AIM OF THE EXERCISE
Go through the entries below and copy each line containing the word "Women".

INPUT MATERIAL
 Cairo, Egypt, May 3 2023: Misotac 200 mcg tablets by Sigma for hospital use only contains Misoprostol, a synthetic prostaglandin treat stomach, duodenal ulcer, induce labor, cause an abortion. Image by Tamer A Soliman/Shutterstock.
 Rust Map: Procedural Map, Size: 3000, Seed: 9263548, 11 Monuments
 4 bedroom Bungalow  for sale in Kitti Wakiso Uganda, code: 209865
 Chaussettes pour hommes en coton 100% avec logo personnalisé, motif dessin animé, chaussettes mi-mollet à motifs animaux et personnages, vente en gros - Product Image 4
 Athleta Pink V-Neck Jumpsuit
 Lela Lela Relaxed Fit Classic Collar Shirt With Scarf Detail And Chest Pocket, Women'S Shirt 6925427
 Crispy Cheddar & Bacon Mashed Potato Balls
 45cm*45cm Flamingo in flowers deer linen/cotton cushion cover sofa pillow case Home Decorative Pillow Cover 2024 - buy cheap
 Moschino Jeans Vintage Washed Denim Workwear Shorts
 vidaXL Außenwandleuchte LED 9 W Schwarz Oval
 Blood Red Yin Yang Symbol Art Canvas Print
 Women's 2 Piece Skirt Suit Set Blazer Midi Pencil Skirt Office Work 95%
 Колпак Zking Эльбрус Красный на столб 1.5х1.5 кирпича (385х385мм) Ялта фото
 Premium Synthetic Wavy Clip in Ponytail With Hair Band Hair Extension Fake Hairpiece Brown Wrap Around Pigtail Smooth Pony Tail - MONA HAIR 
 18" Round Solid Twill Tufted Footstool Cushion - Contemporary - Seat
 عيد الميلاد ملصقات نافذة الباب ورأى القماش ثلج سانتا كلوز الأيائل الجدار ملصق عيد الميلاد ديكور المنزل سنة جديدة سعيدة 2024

ANSWER BOX
 Lela Lela Relaxed Fit Classic Collar Shirt With Scarf Detail And Chest Pocket, Women'S Shirt 6925427
 Women's 2 Piece Skirt Suit Set Blazer Midi Pencil Skirt Office Work 95%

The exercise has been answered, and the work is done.